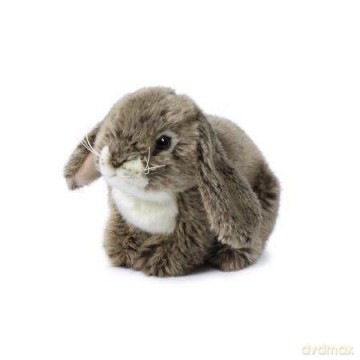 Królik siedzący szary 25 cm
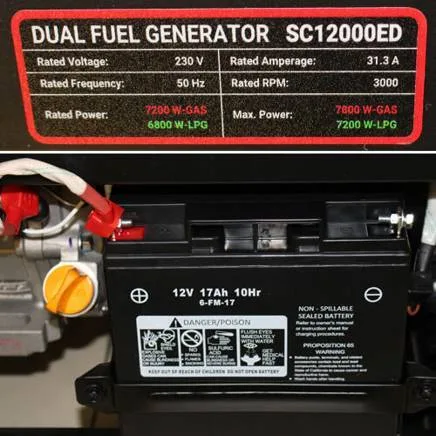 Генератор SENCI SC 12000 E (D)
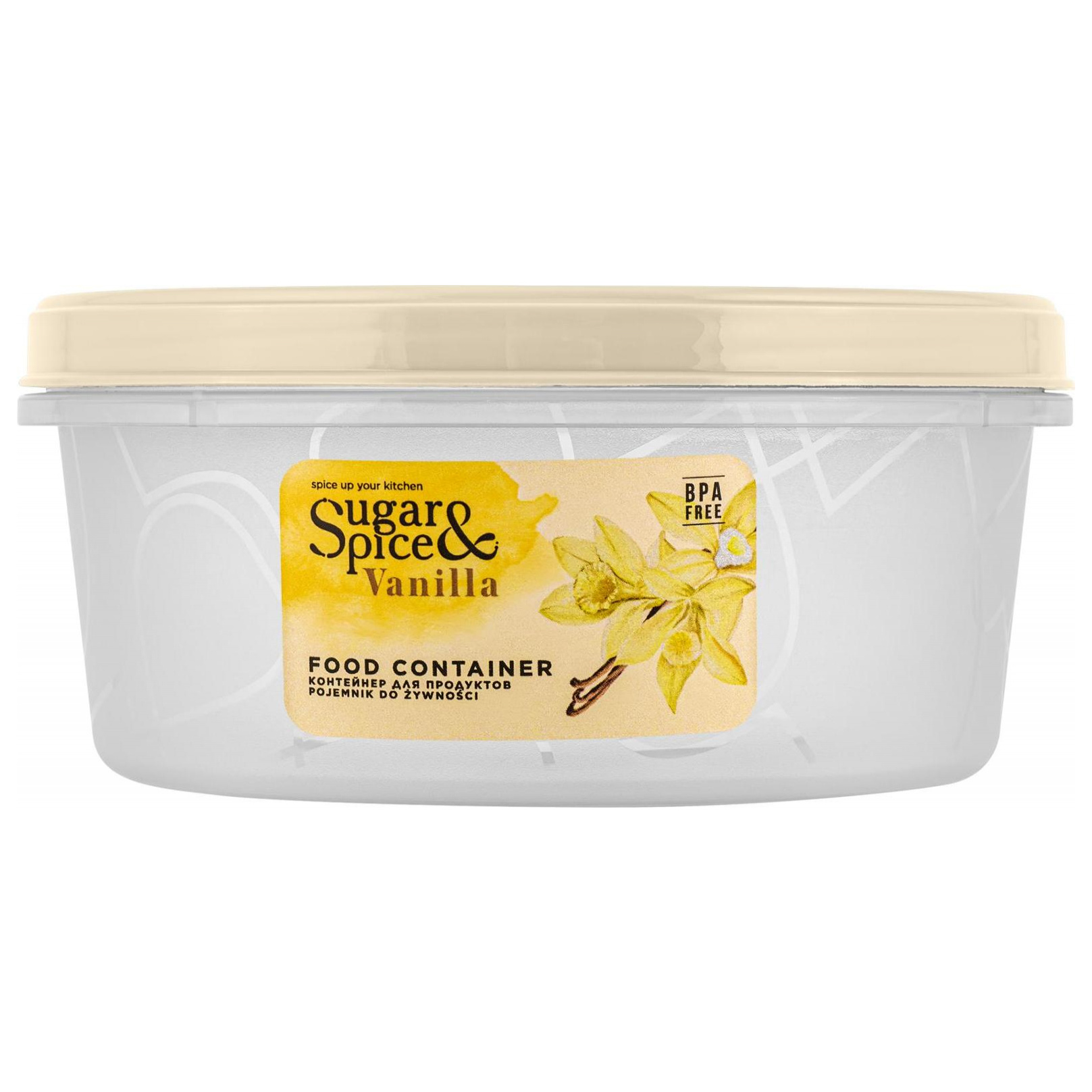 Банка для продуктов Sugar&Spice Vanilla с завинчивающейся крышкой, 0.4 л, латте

▬▬▬▬▬▬

## Action item:
The line containing "Генератор SENCI SC 12000 E (D)" and each line after it through the end of the listing above are to be written out exactly, without the pictures.

## Result of the task:
 Генератор SENCI SC 12000 E (D)
 Банка для продуктов Sugar&Spice Vanilla с завинчивающейся крышкой, 0.4 л, латте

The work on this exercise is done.